Les moines décidés à respecter la stricte obédience se retirent près de Châlons-sur-Saône, dans une région boisée et marécageuse où rien ne pousse, sitôt des roseaux, appelés, dans la région, des "cîteaux". Le jour des Rameaux 1098, la nouvelle abbatiale peut être consacrée. Robert est abbé, Étienne sous-prieur, Albéric prieur. Tout est pour le mieux ! Sauf qu’à Molesmes, rien ne va sans Robert… Les moines en appellent au pape pour qu’il leur renvoie leur abbé ; le pape ordonne à Robert de regagner son ancienne abbaye et, comme d’habitude, il obéit, s’arrachant à sa chère maison de Cîteaux… 

La gloire de l’ordre cistercien

Pourtant, quelque chose a changé. À Molesmes, les frères font des efforts et le très vieux Robert a enfin appris l’autorité. Un jour, deux mendiants frappent à la porte du monastère, réclament un peu de pain. À en croire le cellérier, du pain, hélas, il n’y en a pas. "Que comptiez-vous nous servir à midi ?", s’enquiert l’abbé. "Je ne sais pas encore", rétorque l’autre.
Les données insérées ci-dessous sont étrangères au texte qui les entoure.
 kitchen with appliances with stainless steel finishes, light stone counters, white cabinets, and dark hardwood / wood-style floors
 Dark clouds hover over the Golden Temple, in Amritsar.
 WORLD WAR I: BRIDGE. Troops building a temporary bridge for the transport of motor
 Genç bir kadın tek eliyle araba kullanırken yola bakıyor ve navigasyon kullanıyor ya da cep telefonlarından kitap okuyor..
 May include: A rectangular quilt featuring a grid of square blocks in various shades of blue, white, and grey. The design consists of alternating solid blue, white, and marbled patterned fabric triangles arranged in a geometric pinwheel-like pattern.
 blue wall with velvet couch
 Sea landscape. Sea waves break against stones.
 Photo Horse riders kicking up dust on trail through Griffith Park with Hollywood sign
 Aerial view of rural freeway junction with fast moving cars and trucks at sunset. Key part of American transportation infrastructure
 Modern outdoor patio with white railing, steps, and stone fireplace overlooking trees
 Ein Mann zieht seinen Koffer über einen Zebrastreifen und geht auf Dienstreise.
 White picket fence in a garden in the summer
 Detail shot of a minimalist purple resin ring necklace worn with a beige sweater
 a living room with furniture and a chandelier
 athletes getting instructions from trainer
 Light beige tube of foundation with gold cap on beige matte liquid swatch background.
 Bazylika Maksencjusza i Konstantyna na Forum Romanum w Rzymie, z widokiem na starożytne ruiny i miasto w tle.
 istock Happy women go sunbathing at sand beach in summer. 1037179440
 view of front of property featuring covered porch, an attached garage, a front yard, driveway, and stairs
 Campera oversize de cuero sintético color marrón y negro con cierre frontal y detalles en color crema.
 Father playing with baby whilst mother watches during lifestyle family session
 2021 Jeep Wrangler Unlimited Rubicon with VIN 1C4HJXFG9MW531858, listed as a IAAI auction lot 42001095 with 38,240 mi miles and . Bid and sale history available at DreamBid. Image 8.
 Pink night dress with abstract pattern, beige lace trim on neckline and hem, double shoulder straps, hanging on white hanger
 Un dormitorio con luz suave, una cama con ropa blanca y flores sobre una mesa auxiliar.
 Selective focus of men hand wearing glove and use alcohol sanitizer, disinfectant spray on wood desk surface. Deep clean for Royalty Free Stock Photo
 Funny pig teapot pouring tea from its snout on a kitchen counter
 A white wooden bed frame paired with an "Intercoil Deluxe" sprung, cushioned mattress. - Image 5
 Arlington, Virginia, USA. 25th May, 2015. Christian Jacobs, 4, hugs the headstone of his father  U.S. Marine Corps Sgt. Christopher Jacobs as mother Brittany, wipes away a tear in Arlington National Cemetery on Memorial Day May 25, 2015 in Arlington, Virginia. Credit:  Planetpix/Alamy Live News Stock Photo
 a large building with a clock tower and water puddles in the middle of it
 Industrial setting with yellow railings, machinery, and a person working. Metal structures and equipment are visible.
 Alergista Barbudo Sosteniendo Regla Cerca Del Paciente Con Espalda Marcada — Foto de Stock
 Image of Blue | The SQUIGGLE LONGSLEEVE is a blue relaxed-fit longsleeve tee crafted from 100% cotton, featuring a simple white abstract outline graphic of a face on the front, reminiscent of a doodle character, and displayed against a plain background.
Sauf qu’à l’heure du déjeuner, le pain est là, en abondance, sur la table.

Indigné, Robert ramasse les miches et va les jeter dans la rivière, contraignant sa communauté peu aumônière à un jeûne fort rude car toutes les réserves de la maison y sont passées ! Une fois de plus, la Providence y pourvoira et un riche seigneur des environs viendra remplir les greniers vides.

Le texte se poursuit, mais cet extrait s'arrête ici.